The Patriots head into their bye week a head-scratching 7-2 despite a devastating rash of injuries and uneven performances on both sides of the ball.
Today we’ll take stock of the Patriots’ offense, which is coming off its best performance of the year. To be sure, Pittsburgh’s defense had a lot to do with it as they blew coverages and missed tackles all afternoon but the Pats deserve plenty of credit as well, and none more so than the league’s best tight end, Rob Gronkowski. They showed improvements in some key areas that suggest Sunday’s performance was more harbinger than anomaly. Improvements such as better weakside protection in their run blocking, far fewer mistakes in the passing game, and more diverse play-calling. Plenty of folks deserve credit for these but none more so than the best tight end in the league, Rob Gronkowski.
It’s difficult to overstate the impact Gronkowski has on this offense. Certainly the first half of Sunday’s game, in which he pulled down seven catches for 119 yards and a touchdown, is a testament to what the 6’6” 265-pounder can do for the team. But even when he isn’t putting up those eye-popping numbers, Gronkowski is dramatically affecting the game.
After getting torched by the tight end in the first half, Pittsburgh emphasized jamming Gronk at the line of scrimmage in the second half, often with multiple defenders. Naturally, the attention he draws opens up opportunities elsewhere on the field for his fellow recievers.
And even if he isn’t catching passes or drawing double teams, the combination of his blocking and receiving abilities mean Gronkowski’s mere presence gives the Patriots incredible flexibility in their play-calling and helps create balance between the run and pass attack. Without Gronk the Pats were hesitant to throw out of many two-TE-sets because backups Michael Hoomanawanui and Matthew Mulligan simply could not be relied upon to get open. As a result, the offense was more predictable: When the Pats wanted to throw they had to use three wide receivers and when they brought in two tight ends, opponents could sell out against the run.
Prior to Sunday, the Patriots ran plays with two or more tight ends just 19 percent of the time. Against the Steelers, 36 of their 75 plays (48 percent), featured two or more tight ends - and that number figures to grow when you consider that Gronkowski only played 49 snaps against Pittsburgh as he works himself back into game shape.

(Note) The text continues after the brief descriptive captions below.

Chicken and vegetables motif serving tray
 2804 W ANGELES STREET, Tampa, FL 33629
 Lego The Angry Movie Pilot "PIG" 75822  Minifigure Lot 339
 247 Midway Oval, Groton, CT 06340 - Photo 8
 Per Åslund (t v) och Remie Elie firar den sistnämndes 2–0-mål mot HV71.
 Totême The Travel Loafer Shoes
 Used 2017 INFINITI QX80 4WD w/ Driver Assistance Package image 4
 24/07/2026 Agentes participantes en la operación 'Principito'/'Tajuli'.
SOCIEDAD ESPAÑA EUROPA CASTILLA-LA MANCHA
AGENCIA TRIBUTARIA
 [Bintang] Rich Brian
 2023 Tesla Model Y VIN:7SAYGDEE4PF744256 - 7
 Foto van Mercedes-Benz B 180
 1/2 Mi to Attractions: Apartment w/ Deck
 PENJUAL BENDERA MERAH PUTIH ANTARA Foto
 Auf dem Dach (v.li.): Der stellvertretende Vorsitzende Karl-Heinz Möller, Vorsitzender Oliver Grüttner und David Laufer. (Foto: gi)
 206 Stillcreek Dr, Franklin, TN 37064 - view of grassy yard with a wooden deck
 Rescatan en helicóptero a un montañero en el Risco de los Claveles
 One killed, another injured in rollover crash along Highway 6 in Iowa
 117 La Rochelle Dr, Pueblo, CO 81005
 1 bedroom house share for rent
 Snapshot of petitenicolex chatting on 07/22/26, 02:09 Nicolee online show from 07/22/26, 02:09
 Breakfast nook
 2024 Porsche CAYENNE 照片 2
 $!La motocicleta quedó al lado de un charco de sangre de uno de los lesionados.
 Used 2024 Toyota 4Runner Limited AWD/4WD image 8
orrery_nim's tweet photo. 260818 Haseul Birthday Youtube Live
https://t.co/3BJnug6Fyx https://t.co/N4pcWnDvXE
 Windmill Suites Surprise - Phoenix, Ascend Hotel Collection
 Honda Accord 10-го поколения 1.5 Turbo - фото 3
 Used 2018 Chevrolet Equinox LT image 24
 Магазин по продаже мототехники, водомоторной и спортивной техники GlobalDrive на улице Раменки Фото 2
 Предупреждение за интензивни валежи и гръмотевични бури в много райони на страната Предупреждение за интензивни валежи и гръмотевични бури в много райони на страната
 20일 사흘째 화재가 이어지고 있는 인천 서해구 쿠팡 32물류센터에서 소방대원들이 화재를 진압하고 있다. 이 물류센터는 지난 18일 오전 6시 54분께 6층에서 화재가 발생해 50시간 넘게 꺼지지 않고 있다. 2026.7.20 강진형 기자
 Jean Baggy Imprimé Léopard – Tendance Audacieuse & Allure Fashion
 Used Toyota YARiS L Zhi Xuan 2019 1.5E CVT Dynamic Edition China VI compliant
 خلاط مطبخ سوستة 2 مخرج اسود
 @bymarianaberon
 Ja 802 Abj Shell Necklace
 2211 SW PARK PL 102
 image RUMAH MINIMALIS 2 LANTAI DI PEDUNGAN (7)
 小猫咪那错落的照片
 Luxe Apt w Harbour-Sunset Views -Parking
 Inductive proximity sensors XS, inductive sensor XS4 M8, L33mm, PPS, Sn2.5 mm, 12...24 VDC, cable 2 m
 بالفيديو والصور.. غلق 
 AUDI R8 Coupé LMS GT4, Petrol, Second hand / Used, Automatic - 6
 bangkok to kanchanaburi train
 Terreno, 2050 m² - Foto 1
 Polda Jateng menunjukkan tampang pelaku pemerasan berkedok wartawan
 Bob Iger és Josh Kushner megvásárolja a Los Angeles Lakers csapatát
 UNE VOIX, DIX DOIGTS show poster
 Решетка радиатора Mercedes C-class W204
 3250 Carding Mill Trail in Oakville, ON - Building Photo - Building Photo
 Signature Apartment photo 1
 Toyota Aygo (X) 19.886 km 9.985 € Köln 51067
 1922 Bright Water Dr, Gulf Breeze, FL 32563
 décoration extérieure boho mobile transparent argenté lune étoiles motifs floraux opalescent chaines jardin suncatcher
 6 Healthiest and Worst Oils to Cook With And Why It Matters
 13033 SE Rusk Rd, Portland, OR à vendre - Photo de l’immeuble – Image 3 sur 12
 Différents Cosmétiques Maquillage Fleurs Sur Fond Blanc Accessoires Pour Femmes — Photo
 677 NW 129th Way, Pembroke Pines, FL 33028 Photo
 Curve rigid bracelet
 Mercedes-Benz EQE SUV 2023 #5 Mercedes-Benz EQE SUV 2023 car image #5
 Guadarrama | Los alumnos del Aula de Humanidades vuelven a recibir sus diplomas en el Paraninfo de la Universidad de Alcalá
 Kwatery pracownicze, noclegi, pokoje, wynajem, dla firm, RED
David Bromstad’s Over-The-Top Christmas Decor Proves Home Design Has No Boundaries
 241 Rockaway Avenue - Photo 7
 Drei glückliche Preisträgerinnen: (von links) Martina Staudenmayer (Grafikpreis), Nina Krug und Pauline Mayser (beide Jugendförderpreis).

Another reason fans can expect more offensive performances like Sundays’ is the improved receiving corps. Naturally, Gronkowksi’s return is a boon to the passing game and the attention he draws helps everyone else look better, but there were some things we saw from Aaron Dobson on Sunday that suggest he and Brady are starting to get in synch.
For weeks Dobson and Brady have tried and failed to connect on the back shoulder throw along the sidelines but last week against the Steelers they finally got it, in the end zone no less.
On another play, Brady dropped the ball into Dobson’s outstretched hands in perfect stride 50 yards down the left sideline, allowing the receiver to stay on his feet and take it in for an 81-yard touchdown. Earlier in the year that’s a missed throw, a dropped ball, or, at-best, a diving catch that keeps Dobson from continuing on for the touchdown.
In terms of the running game, hats off to Josh McDaniels for finally committing to Stevan Ridley. He is their best back and its not even close. After splitting time with LeGarrette Blount for weeks, Ridley finally got the lion’s share of the workload, rushing 26 times for 115 yards and two touchdowns, to Blount’s five carries for 47 yards.
At the moment, the biggest question mark on the Patriots’ offense is the line. Center Ryan Wendell and right guard Dan Connolly aren’t starter-quality linemen, and the drop-off from right tackle Sebastian Vollmer, who might be the best in the game at his position but is out for the season with broken leg, to third-year player Marcus Cannon is enormous. Left tackle Nate Solder and guard Logan Mankins are playing well but they need more than two of five linemen to be productive. On the bright side, Cannon should improve with more reps and they are definitely a competent run blocking unit, which becomes more important as the weather gets worse.
Looking ahead, if the line can hold up, and, obviously, the team stays healthy, the offense will continue to improve.